Tuesday, March 13, 2012

Abraham Lincoln and Louis Kossuth in 1852... an example of an integrated history lesson

Since our first school day seminar way back in October, there has been a lot of talk and interest in the American-World History integrated curriculum here at Reading Memorial High School.  We were even fortunate enough to have colleagues from Wilmington visit us a few weeks ago and sit in on some of our classes.  It was refreshing to have the faces of enthusiastic professionals in our classes while we taught.  As I look back to that October workshop and consider some of the documents that were discussed, a new great connection between world and U.S. history comes to mind.

Specifically, as we read through the Lincoln documents in an effort to get to know the man behind the myth, there were two that mentioned Louis Kossuth and the Hungarian Nationalist movement.  Lincoln was part of a call for a "Kossuth Meeting" and then helped run it and draft the resolutions from the actual meeting.  These documents can help students understand what Americans at the time thought of the intense nationalism and fervor that was fueling the revolutions in Europe in 1848.

Some of the information presented to students look like this:

I added one element to make the connection between Kossuth and the U.S. (referenced in the 6th bullet) more clear.
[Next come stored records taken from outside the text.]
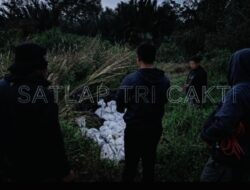 Satlap Tri Cakti dan Satgas Gabungan Berhasil Gagalkan Upaya Penyelundupan 1.040 KG Bijih Timah Ilegal di Pantai Kelambui, Bangka Selatan
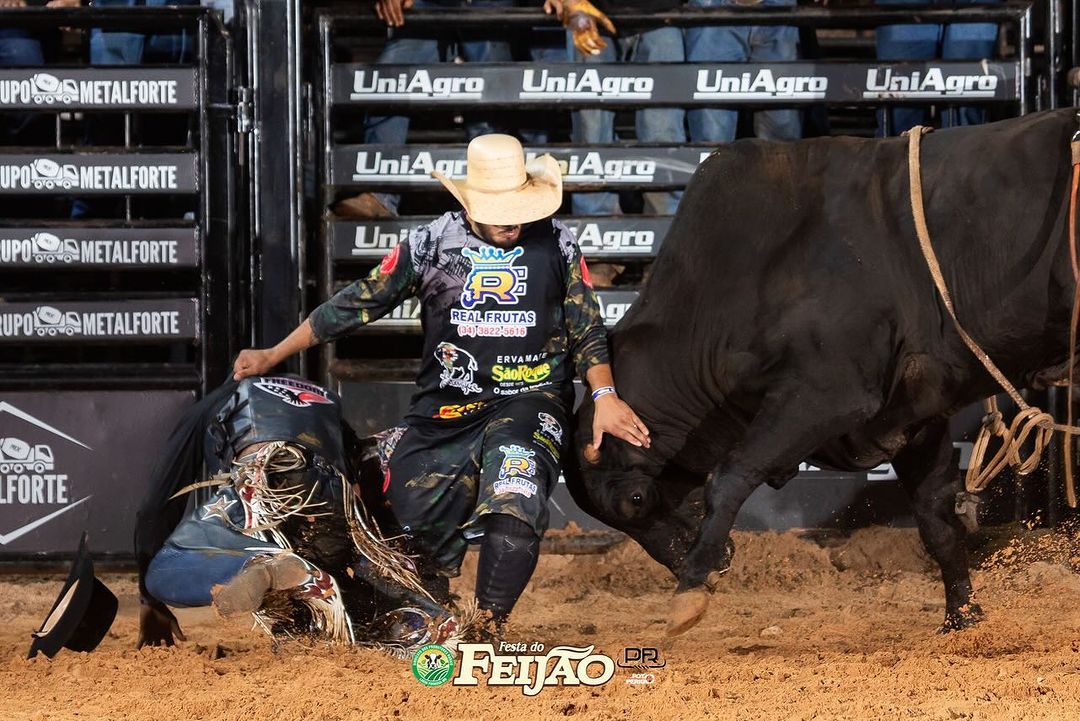 Festa do Feijão - 3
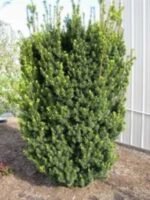 Taxus media Hicksii - Tisa anglo-japoneza la ghiveci P9, H 60-70 cm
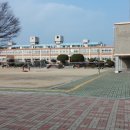 동포초 병설유치원 이미지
Under the image of Kossuth on the left, students are instructed to read the primary source documents that are attached.  The first excerpt is from January 5, 1852:

It is proposed that a Kossuth meeting be held by the citizens and others now visiting the seat of government, on the 8th of January inst., at 7 o'clock P. M., at the court house in Springfield. All are invited to attend, and to express their views freely.

A. Lincoln, et. al.
Some questions for students to research and consider:
  • Why would Lincoln be one of the organizers of such a meeting? 
  • Did he hold any public office at the time? 
  • What does it say about his opinions of the revolutions of 1848?
Another excerpt from the resolutions of the meeting on January 8, 1852:

7. That we recognize in Governor Kossuth of Hungary the most worthy and distinguished representative of the cause of civil and religious liberty on the continent of Europe. A cause for which he and his nation struggled until they were overwhelmed by the armed intervention of a foreign despot, in violation of the more sacred principles of the laws of nature and of nations---principles held dear by the friends of freedom everywhere, and more especially by the people of these United States.
And then in the annotations, it is noted:

[1]   Illinois Journal, January 12, 1852. Lincoln spoke to the meeting on the 8th in favor of sympathy but non-intervention.
More questions for students to discuss:
  • What principles does Lincoln seem to be emphasizing in his support of the Hungarians based on the resolution? 
  • Why would Lincoln stress non-intervention?
While students are learning about the concepts of nationalism, conservatism, and liberalism in the context of the European Revolutions of 1848, it is also valuable for them to understand what Americans thought of these political ideologies at the same time.  Americans were not operating in a totally isolated environment.  While the Atlantic Ocean provided them with a great natural barrier that protected them from the conflict, they were certainly aware of the strife and had their own views of who was right and who was wrong.

This is a very simple lesson tweak that can really help students understand how the world was interacting long before the Internet made it easy.  Sometimes, these short additional documents and small lesson adjustments are all it takes to make an integrated curriculum work.

1 comment:

  1. Kerry, your blog entry is so helpful for its practical strategies and document questions illustrating how we can incorporate these documents into our classes and guide our students understanding to the importance of making connections across global events and issues. As a recommendation for other teachers, in the book A Nation Among Nations: America's Place in World History, Thomas Bender provides precise and very accessible context for Americans' perspectives on and connections with Louis Kossuth.